The modern coach and the modern Financial Advisor have to constantly manage all these different relationships just to keep their jobs.

And managing these relationships makes it harder to do what the coach or FA is hired to do – TO WIN (and in the FA’s case, protect client portfolios and outperform).

The best coaches tackle these difficulties by having a great play book.

The best advisors also have a “market playbook” like The Sevens Report that they can refer to every trading day to help them navigate any market condition.

  • We make sure that all of our subscribers can quickly and confidently explain all of the latest goings on in the market to nervous clients, because every day we give them the information they need to know onStocks, Bonds, Commodities, Currencies, and the latest Economic data.  
  • When it’s time for advisors to be on offense, we provide tactical strategies that have helped our subscribers outperform.  
  • When it’s time for advisors to be defensive, we provide strategies designed to protect client portfolios.
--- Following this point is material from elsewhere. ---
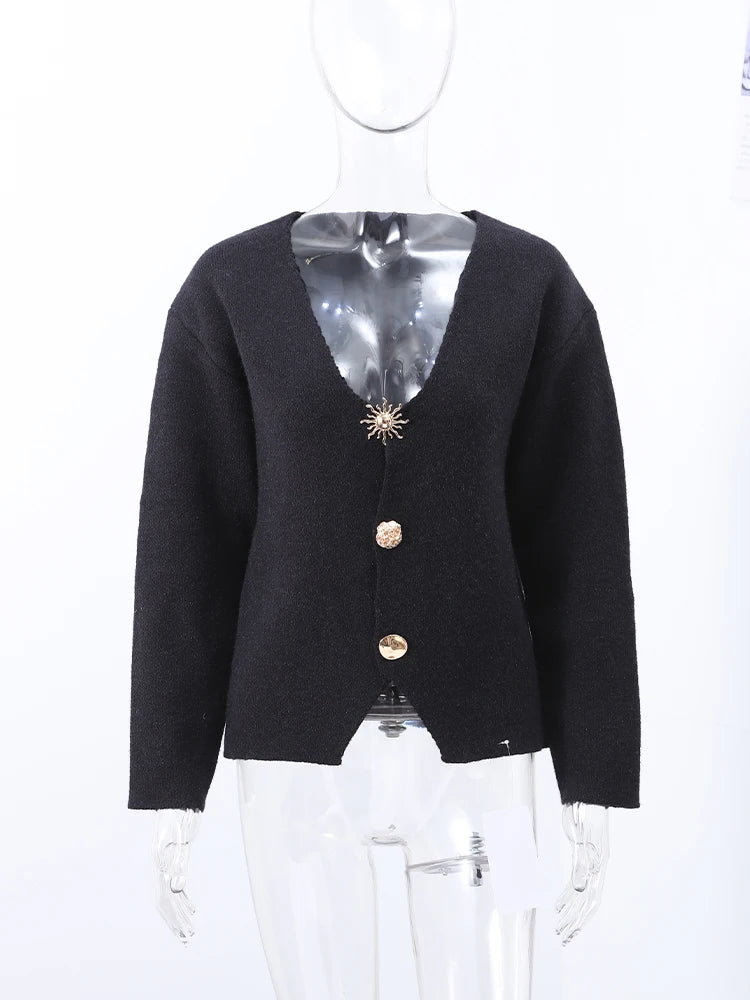 Amelie | Eleganter Damenpullover aus Baumwolle für Frühling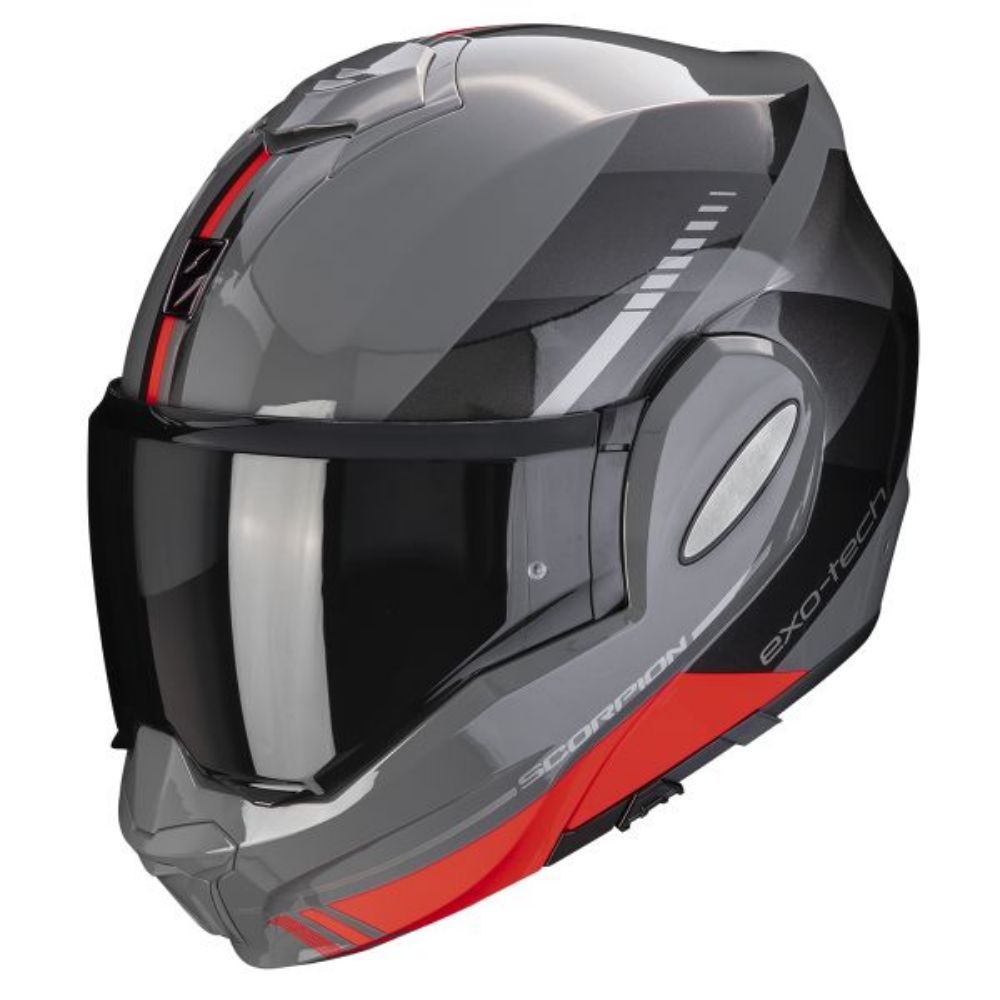 Immagine di CASCO EXO-TECH EVO GENRE GREY-BLACK-RED SCORPION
While a head coach’s best friend in overtime is his playbook, a financial advisors greatest asset is his or her research when the markets get volatile, because we all know there is not enough time to read the entire WSJ before the phone calls start pouring in when the DOW falls 1000 points in the first half hour of the trading day.

Our goal at The Sevens Report is to provide the best, most up-to-date “financial market playbook” and the best value in the independent research space.

And, we again got great feedback from a subscriber from Baird this week when he told me we were giving him analysis he wasn’t getting from the firm’s research department.   

As we’ve been telling paid subscribers for weeks, the stock market continues to face two significant headwinds:  1) Concerns about Chinese growth, and 2) Lack of Clarity from the Fed. 

Understanding both of these headwinds and having a playbook you can rely on is going to be critical over the next two weeks, as both of these headwinds will either get stronger (and stocks will decline) or get weaker (and stocks will rally).

Yesterday, stock futures rallied pre-market on reports of Chinese “stimulus” but that wasn’t exactly true, and in today’s Report we helped clarify for subscribers what is real, positive stimulus, and what is just the media hyping news headlines. 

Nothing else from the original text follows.